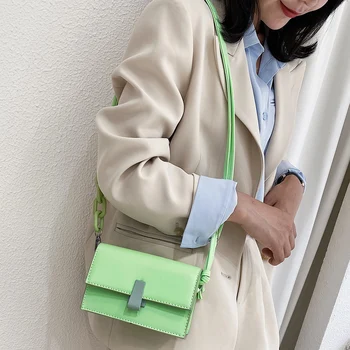 

PU Leather Women Messenger Bag Square Shoulder Satchel Ladies Chain Handbags for Outdoor Shopping Traveling Ornaments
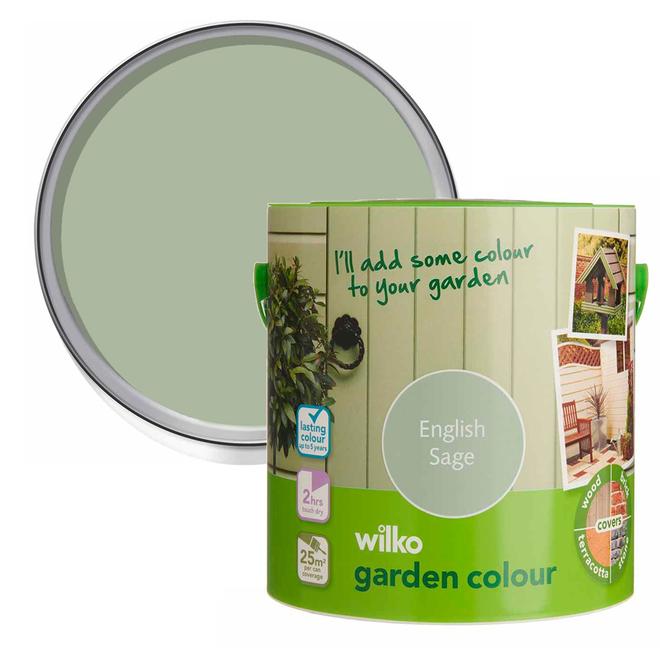 Wilko Garden Colour English Sage Green Wood Paint 2.5L offers at £11.99 in Wilko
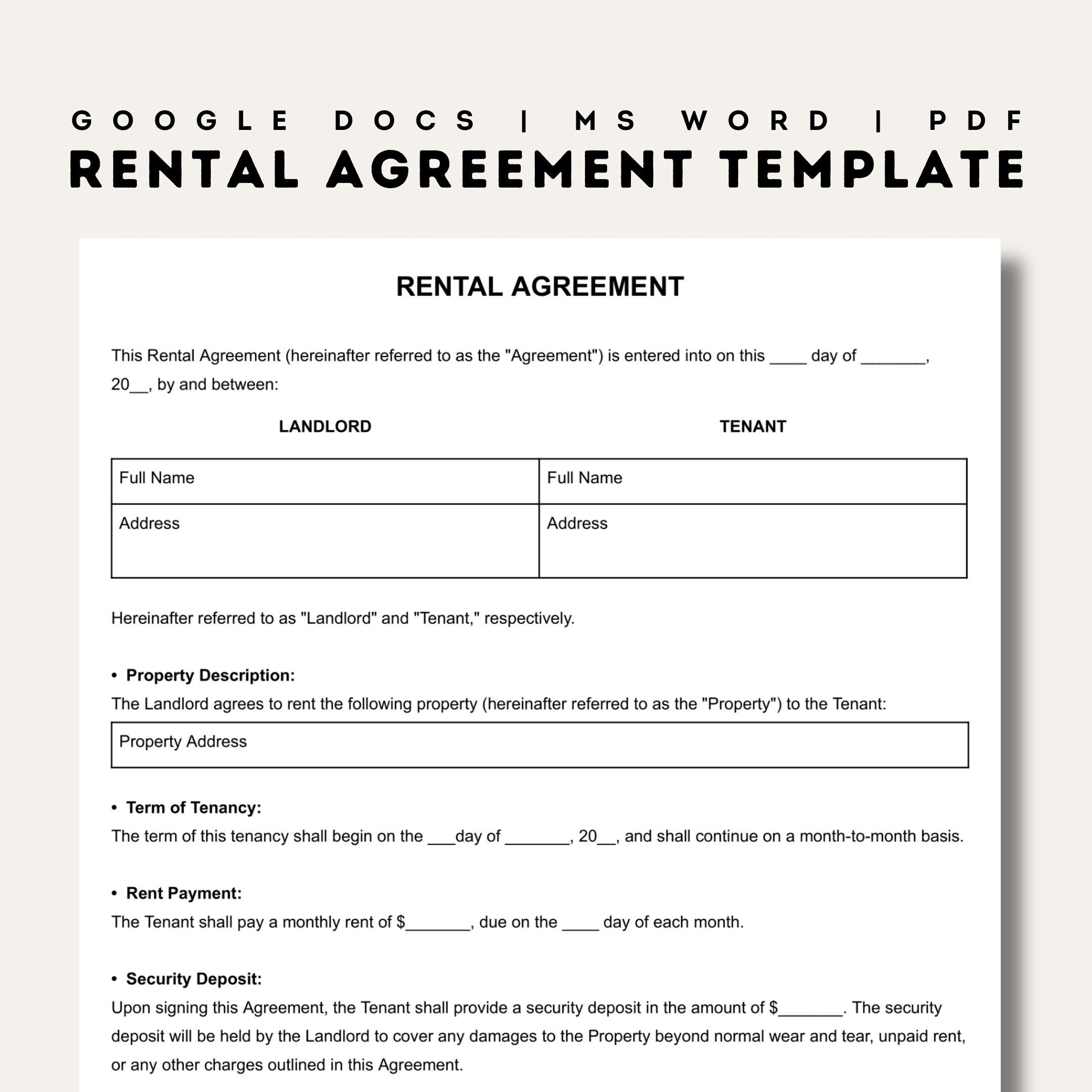 free rental agreements printable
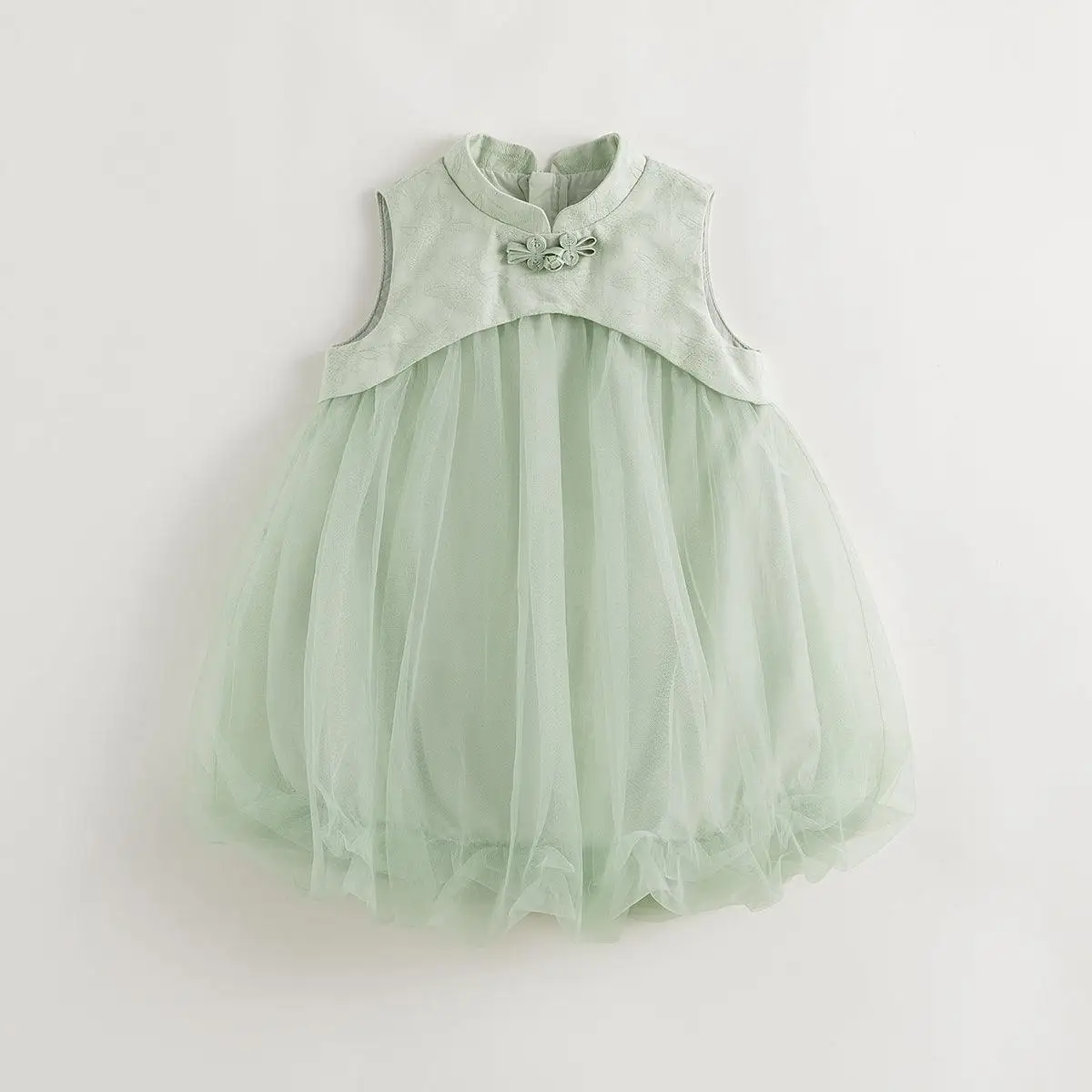 

MARC&JANIE Girls New Chinese-style Qipao Collar Tulle Bubble Dress Summer New Style for Summer French Series 240859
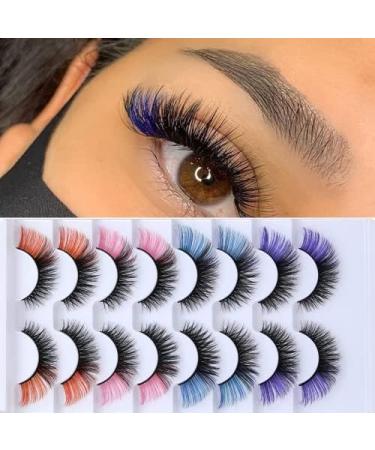 QYLPZ 8 Pairs Coloured False Eyelashes Colored Lashes Cat Eye Natural False Lashes Faux Mink Lashes Colored Lashes Fluffy Wispy Russian Strip Lashes with Color (4 MIX Colors ) Color mix02 - Buy Online on GoSupps.com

________

Transcribe all the entries precisely. Do not include any picture.

PU Leather Women Messenger Bag Square Shoulder Satchel Ladies Chain Handbags for Outdoor Shopping Traveling Ornaments
 Wilko Garden Colour English Sage Green Wood Paint 2.5L offers at £11.99 in Wilko
 free rental agreements printable

MARC&JANIE Girls New Chinese-style Qipao Collar Tulle Bubble Dress Summer New Style for Summer French Series 240859
 QYLPZ 8 Pairs Coloured False Eyelashes Colored Lashes Cat Eye Natural False Lashes Faux Mink Lashes Colored Lashes Fluffy Wispy Russian Strip Lashes with Color (4 MIX Colors ) Color mix02 - Buy Online on GoSupps.com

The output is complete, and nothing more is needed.